Making Revenue Focused Bets Like a VC
What’s the best way to run experimental campaigns in your company? With campaign experiments. anything is possible, but that’s partly why many companies are so risk-averse.
Guillaume Cabane, Co-Founder of HyperGrowth Partners, and Ben Labay, CEO of Speero by CXL, joined this session to discuss experimentation and why you should get more comfortable placing your bets. Guillaume’s an expert in helping B2B companies build winning campaign strategies. He lets us in on some of his success secrets in this video.
Learn how to deal with your experimental campaigns the right way, what metrics to track, and how to get comfortable with risk.
Here are some of the key takeaways:
⚡️ Key takeaways
Takeaway 1: The three types of experimentation
As Ben explains, there are three “flavors of experimentation” to familiarize yourself with. They are:
- Iterative optimization – This is a focus on margins. When you do crazy volumes, small changes can cumulate, and you can stack margins on top of each other.
- Net new functionality – This is when you’re moving to more of a ‘react’ framework. It’s a big part of experimentation where you don’t know what’s going to happen.
- Disruptive experimentation – This is all about where to place risk and what the cost is of doing so.
Takeaway 2: Tackling risk aversion
If a team is experiencing campaign failure after campaign failure, where does it lead? Naturally, the company becomes risk-averse. It makes sense. No one wants to launch Experiment Number 4 after three big failures.
But risk aversion comes with its own problems. Guillaume’s solution is to have a separate team that is naturally risk-prone, where failing is part of the job.

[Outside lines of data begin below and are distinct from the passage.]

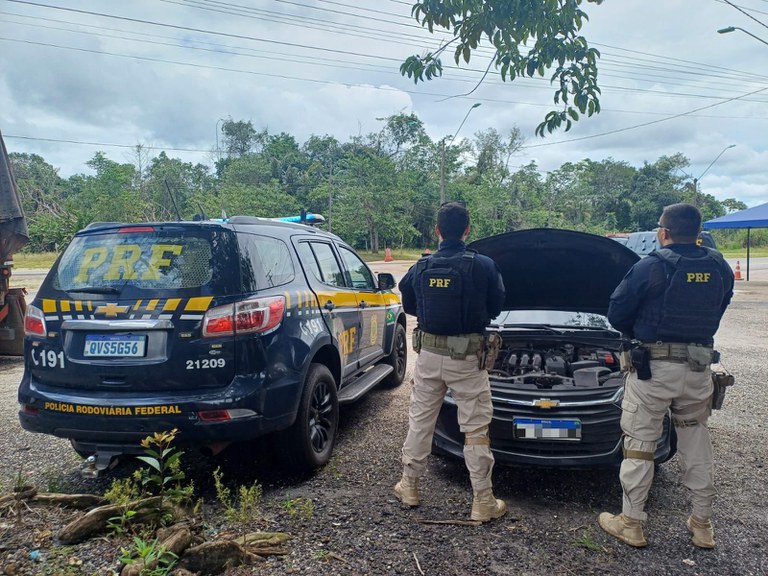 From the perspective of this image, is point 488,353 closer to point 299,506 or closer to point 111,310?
point 299,506

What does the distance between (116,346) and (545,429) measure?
2.62 m

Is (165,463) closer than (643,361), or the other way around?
(643,361)

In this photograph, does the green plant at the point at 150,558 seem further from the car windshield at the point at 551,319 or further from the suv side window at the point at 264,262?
the car windshield at the point at 551,319

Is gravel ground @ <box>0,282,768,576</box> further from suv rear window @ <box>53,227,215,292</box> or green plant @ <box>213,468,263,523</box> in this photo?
suv rear window @ <box>53,227,215,292</box>

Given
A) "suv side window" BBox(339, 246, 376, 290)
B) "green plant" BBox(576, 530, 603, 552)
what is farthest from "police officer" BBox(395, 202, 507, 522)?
"suv side window" BBox(339, 246, 376, 290)

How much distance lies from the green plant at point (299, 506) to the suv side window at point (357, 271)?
7.09ft

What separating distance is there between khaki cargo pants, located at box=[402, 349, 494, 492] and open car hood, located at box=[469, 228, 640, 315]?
1219 mm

By failing, you can learn valuable lessons on what will work next, which brings you closer to growth in the long run.
Takeaway 3: Democratizing experimentation
While revenue is a key part of experimentation, there’s also a cultural side to it. It’s about the people as well, after all. One thing that Guillaume does is help to democratize experimentation across the board.
One way he does this is through a simple form that anyone in the company can enter ideas and projects into. The growth team can then clean those ideas up, sort through any duplicates, discuss, and prioritize them.